# Stationary Schrödinger Equation in Momentum space

Given the time dependent equation: $$\partial_t\,\hat{\psi}(p,t) = \dfrac{p^2}{2\,m}\,\hat{\psi}(p,t) + \hat{\psi}(p,t)\star{\hat{V}(p)}$$

and forcing through some kind of separation: $$\hat{\psi}(p,t) = P(p)\,T(t)$$

I end up getting: $$\partial_t\,T(t)\,P(p)= \dfrac{p^2}{2\,m}\,P(p)\,T(t) + (P(p)\star{\hat{V}(p)})\cdot T(t) \\[12pt] \dfrac{\partial_t\,T(t)}{T(t)} = \dfrac{p^2/(2\,m)\,P(p)+ P(p)\star \hat{V}(p)}{P(p)}$$

thus the awkward equation $$C\,P(p) = p^2/(2\,m)\,P(p)+ P(p)\star \hat{V}(p)$$

Awkward because there is nothing to be solved in the equation. Something's wrong?

Also what's the meaning of $$C$$. Some kind of energy?

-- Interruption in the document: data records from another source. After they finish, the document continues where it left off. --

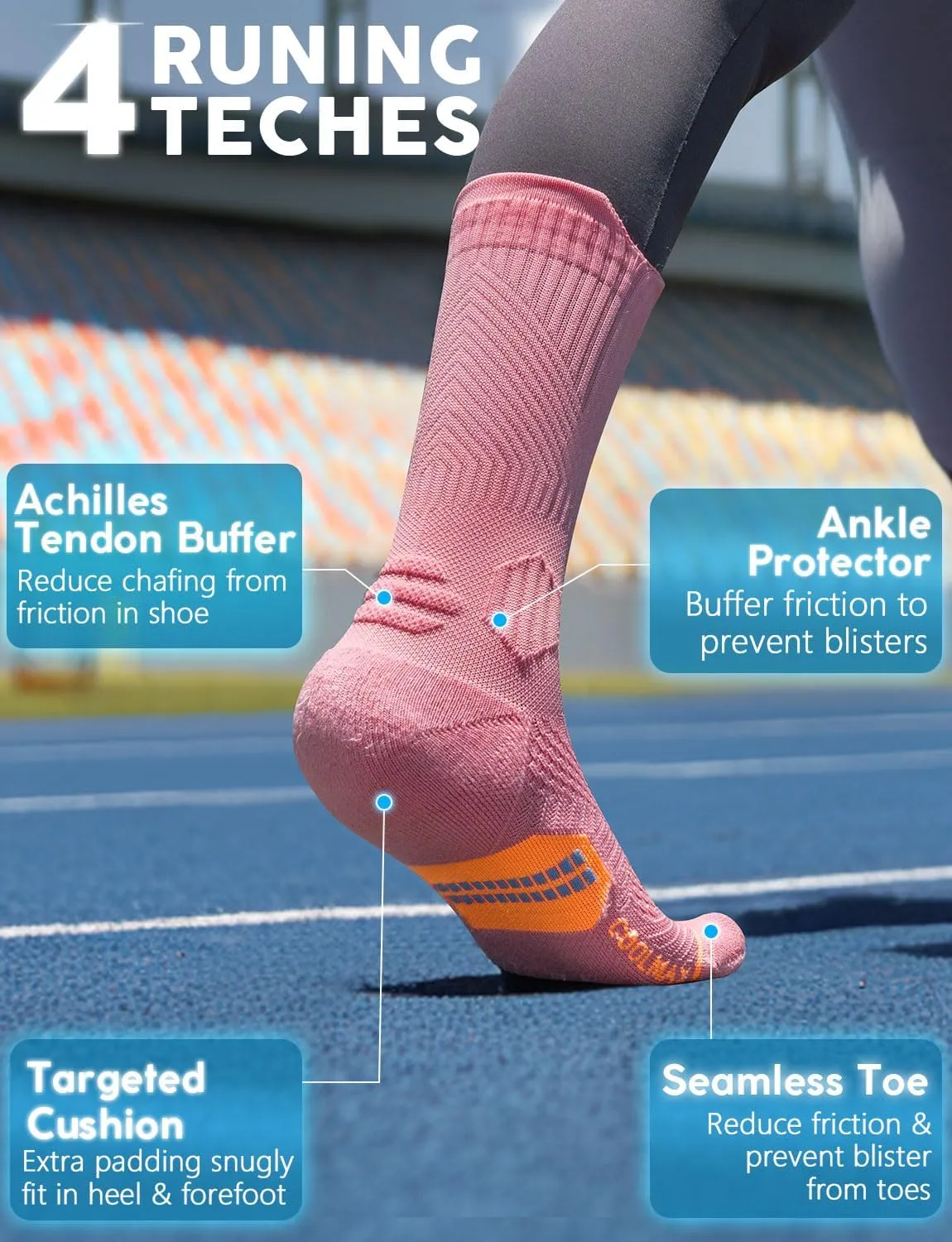 Bamboo Viscose Compression Running Crew Socks, Coolmax Moisture-Wicking Anti-Blister Hiking&Gym Athletic Socks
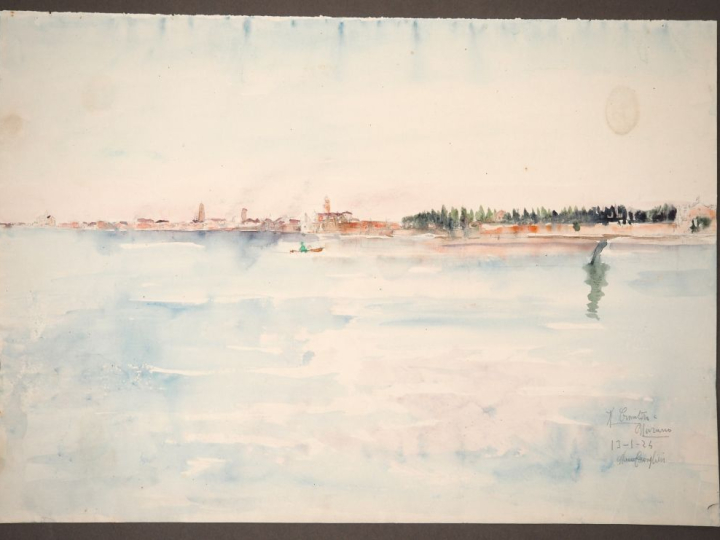 Mario CAVAGLIERI.  "Murano" Aquarelle, signée en bas à droite, située 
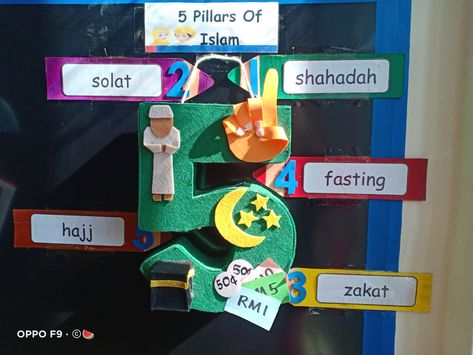 5 Pillars Of Islam Poster, Islamic Charts For School, Five Pillars Of Islam Project, Islamic Models For School Exhibition, Five Pillars Of Islam For Kids, 5 Pillars Of Islam For Kids, Islamic Projects For School, 5 Pillars Of Islam Craft, Chart Design For School Project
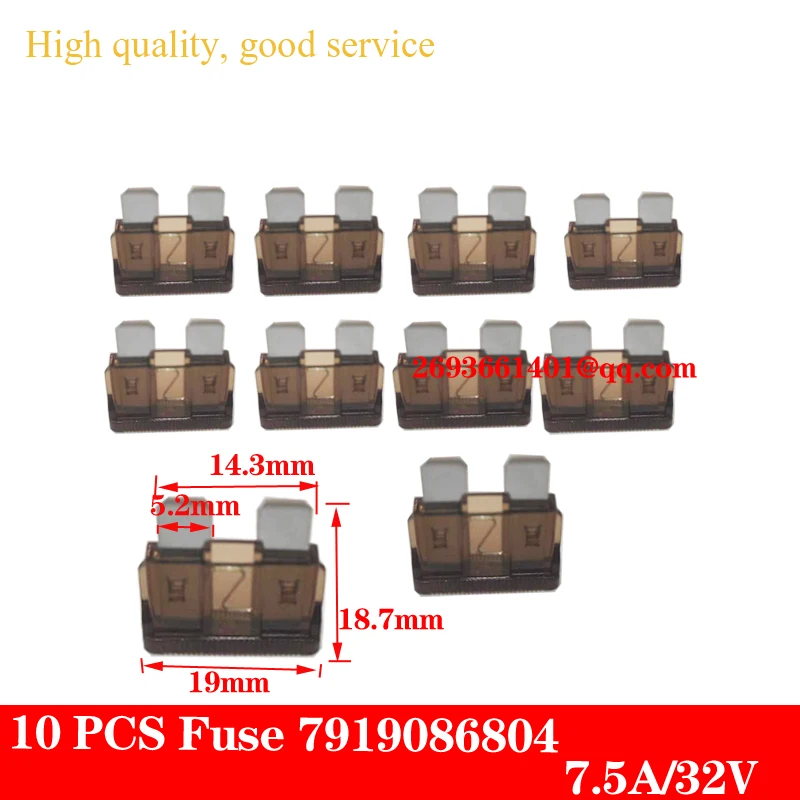 10 PCS Fuse 7.5A 32V Forklift Parts 7919086804 C7.5-32V  for Linde.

• If you include factors of $\hbar$ and solve $\partial_t T=CT$ you'll find the units of $C$ to agree with energy May 10 at 17:36

Here, $$\hat{V}(p)$$ is an operator that should be acting on $$\hat{\psi}(t,p)$$ and therefore that should be acting on $$P(p)$$. If $$\hat{V}(p)$$ simply multiplies the wavefunction by some function of $$p$$ and so does $$p^2/2m$$ then $$P(p)$$ can be anything and is not constrained by these equations.
For something like the simple harmonic oscillator, for example, the potential energy is proportional to $$x^2$$, and we recall that $$x=id/dp$$ in momentum space, so $$V$$ would be an operator and not a scalar (this is indeed true in general).
Note the factor of $$i$$ that should be present.